At the same time, SMU and its peers strove to maintain the quality of the entering student class in terms of academic scores, leadership skills and diversity. By the opening of the 2009–10 academic year, SMU exceeded its student recruitment goals, directly attributable to a supportive group of scholarship donors.
Trustee David Miller ’72 and his wife, Carolyn, are two such donors. While attending the SMU Board of Trustees meeting in May, he learned of the need for increased scholarships to meet the offerings of other institutions. The Millers decided to respond by funding “capstone” scholarships, which can be used immediately to recruit and retain priority student prospects. The Miller scholarship gift directly resulted in highly desirable students deciding to attend SMU this fall.
“Increasing student quality isn’t only about test scores and rankings,” President R. Gerald Turner says. “Just as important, the quality of the student body supports the teaching and research conducted by faculty, as well as the interchange among students both in and out of the classroom. The right combination of students creates an academic environment that inspires excellence across campus.”
Endowed scholarships provide critical resources that support SMU’s efforts to recruit top students.
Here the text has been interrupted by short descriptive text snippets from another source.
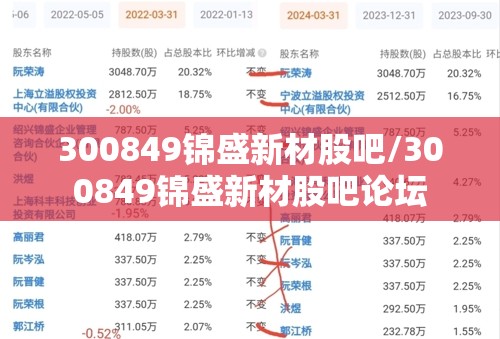 300849锦盛新材股吧/300849锦盛新材股吧论坛 300849锦盛新材股吧/300849锦盛新材股吧论坛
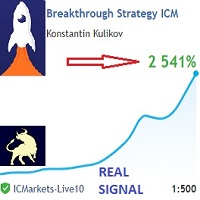 Breakthrough Strategy MT5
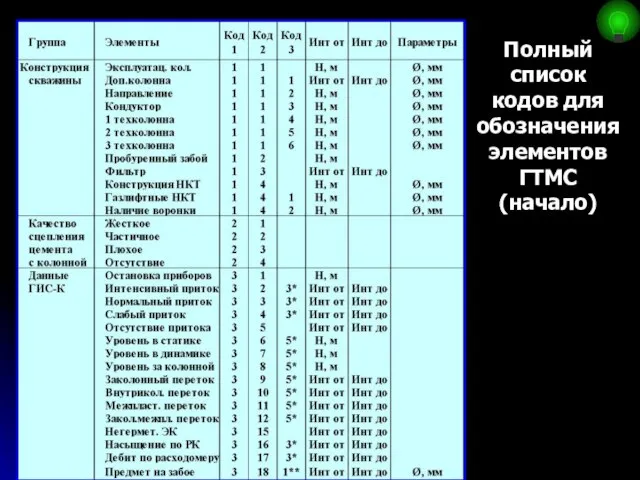 Полный список кодов для обозначения элементов ГТМС (начало)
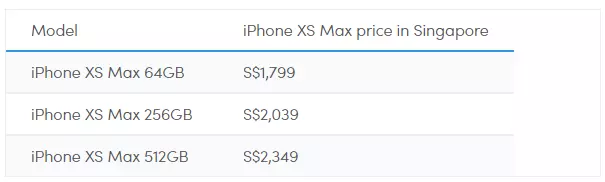 果粉们，新加坡三家电信公司新款Iphone 报价出来了！肾还好么？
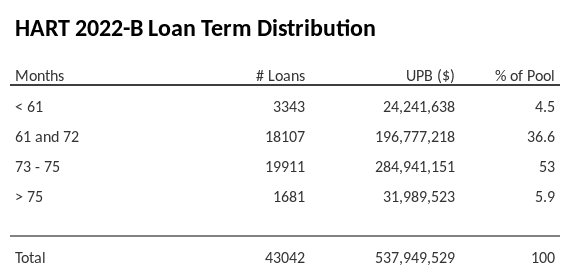 HART 2022-B has 53% of its pool with a loan term between 73 - 75 months.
However, at a time when the University’s endowment is providing fewer dollars because of the economic downturn, gifts that support annually funded scholarships can provide an essential bridge for students who might not otherwise be able to attend the University.
Increasing scholarship resources is a key goal of The Second Century Campaign and strengthens SMU’s ability to recruit the best and brightest. Record numbers of prospective students have applied to SMU in recent years, reflecting the growing awareness of SMU’s quality and offerings. And SMU has proven that investment in scholarships and student recruitment and retention strengthens the University’s ability to compete nationally for these brilliant and creative young minds.
In fact, the average SAT score for entering undergraduates has increased 98 points in the past decade, rising from 1144 to 1242. This puts SMU within reach of its goal of an average SAT score of 1250 next year and at least 1275 by 2015, the centennial of SMU’s opening.
Scholarship programs within specific schools, such as Cox BBA Scholars and Meadows Scholars, have strengthened SMU’s ability to recruit students to those disciplines. We must remain nimble in the new recruitment season this fall as the competition for top prospects nationwide will continue to be aggressive.
“We have proven that SMU is a highly desirable institution for our nation’s top students, and we have survived a trying recruitment year. In 2009–10 we remain vigilant and appreciative for those scholarships that can make a difference now,” says Turner.